The state government has buckled under pressure and vowed to keep the Gong Shuttle free – for now.
But it won’t yet say whether it will accept the money on the table to stop fares from being introduced for good.
The decision - reached following talks between parliamentary secretary for the Illawarra Gareth Ward and NSW Premier Gladys Berejiklian on Tuesday afternoon - means the shuttle will remain a free service until June 30.
However, its future beyond that date remains unclear.
“The government will continue the free subsidy of the Gong Shuttle until June 30, an extension on the original arrangements which were set in place for January 29,” Mr Ward told the Mercury.
Transport for NSW revealed last month it would introduce standard Opal fares on the city-loop bus from January 29.
The move prompted the University of Wollongong and Wollongong City Council to devise a joint funding arrangement to keep the service free.
The arrangement, which is yet to be accepted by Transport for NSW, wouldn’t kick in until July 1. That meant there was a 153-day gap between January 29, when the fares were due to come into effect, and the start of the new financial year.
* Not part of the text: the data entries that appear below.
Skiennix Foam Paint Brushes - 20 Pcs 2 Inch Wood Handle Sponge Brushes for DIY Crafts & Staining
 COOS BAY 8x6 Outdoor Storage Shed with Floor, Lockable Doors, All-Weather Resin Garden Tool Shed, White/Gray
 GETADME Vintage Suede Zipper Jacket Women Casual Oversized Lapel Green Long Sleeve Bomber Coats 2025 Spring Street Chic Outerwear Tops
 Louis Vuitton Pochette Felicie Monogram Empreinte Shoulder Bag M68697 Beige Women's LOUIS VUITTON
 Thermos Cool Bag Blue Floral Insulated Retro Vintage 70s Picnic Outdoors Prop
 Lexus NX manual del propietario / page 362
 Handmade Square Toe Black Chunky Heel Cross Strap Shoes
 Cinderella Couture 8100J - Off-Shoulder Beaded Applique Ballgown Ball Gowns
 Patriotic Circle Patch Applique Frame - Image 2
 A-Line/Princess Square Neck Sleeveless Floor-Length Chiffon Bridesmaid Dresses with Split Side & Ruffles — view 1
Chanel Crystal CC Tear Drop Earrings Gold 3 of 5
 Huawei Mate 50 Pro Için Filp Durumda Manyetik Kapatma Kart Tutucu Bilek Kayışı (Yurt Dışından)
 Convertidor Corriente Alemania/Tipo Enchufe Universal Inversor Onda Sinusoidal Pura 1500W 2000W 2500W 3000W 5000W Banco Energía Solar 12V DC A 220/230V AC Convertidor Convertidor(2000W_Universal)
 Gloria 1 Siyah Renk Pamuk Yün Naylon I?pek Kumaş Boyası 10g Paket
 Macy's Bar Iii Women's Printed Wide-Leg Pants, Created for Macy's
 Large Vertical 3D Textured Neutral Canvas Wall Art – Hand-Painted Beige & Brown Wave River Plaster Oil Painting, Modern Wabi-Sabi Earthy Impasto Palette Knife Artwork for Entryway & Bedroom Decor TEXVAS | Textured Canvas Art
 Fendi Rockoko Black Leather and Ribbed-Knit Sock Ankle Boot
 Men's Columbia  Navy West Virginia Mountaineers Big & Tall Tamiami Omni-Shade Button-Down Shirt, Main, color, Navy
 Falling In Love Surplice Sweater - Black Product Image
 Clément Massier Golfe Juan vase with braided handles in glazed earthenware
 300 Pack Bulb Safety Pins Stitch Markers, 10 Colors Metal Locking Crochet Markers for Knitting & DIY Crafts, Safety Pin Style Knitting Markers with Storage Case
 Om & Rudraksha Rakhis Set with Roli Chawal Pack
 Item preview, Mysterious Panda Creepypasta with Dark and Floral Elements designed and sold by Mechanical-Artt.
Mr Ward confirmed the government would plug the funding gap, but wouldn’t say if the government would take up the uni-council offer.
“We will now negotiate with the university and council to make sure the sums all add up, but I can confirm there will be no shortfall and residents of the region will not be left out of pocket due to council’s decision not to start its subsidy until 1 July,” he said.
Questioned about the Gong Shuttle’s operating costs, the Liberal MP said “we’ve always said that the bus was around $3 million”.
“What I’ve always committed to was a 75 per cent contribution, the council and the university will have to put their 12.5 per cent [each] of the 25 per cent ... we’ll have to work out what that figure is and they’ll have to meet it,” he said.
Asked whether the combined $700,000 annual contribution flagged by the university and the council ($350,000 each) would be the final figure required, Mr Ward said: “I’ve never said that it was.”
“I have said consistently the government will cover 75 per cent of the cost and that if the university and the council want to stump up 12.5 per cent [each], look these are details we’ll negotiate,” he said.
“One of the reasons why I argued so strongly to continue the free subsidy until the end of the financial year is so these matters can be worked out.”
The Mercury understands Transport Minister Andrew Constance did not want the government to cover the shortfall.
A spokesman said Transport for NSW would “review the merits of any reasonable proposal” when asked about the uni-council funding arrangement.